Mortgages and Mortgage-Backed Securities
The Overview introduced and highlighted the importance and size of the mortgage market in the United States. This chapter describes mortgage loans and mortgage-backed securities (MBS), presents the most popular methods used for valuation and hedging, and illustrates how prices behave as a function of the relevant variables.
Mortgage loans come in many different varieties. They can carry fixed or variable rates of interest and they can be extended for residential or commercial purposes. This chapter will focus almost exclusively on fixed rate residential mortgages. Residential mortgages typically mature in 15 or 30 years and constitute 80% of the total principal of securitized mortgages in the United States.

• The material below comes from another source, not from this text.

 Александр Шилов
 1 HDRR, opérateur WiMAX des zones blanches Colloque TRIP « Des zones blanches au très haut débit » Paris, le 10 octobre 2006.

Given the importance of the securitization process, which will be discussed ahead, residential loans are typically classified by how they might be subsequently securitized. Agency or conforming loans are eligible to be securitized by such entities as Federal National Mortgage Association (FNMA), Federal Home Loan Mortgage Corporation (FHLMC), or Government National Mortgage Association (GNMA). The exact criteria vary by program, but these loans are relatively creditworthy1 and limited in principal amount.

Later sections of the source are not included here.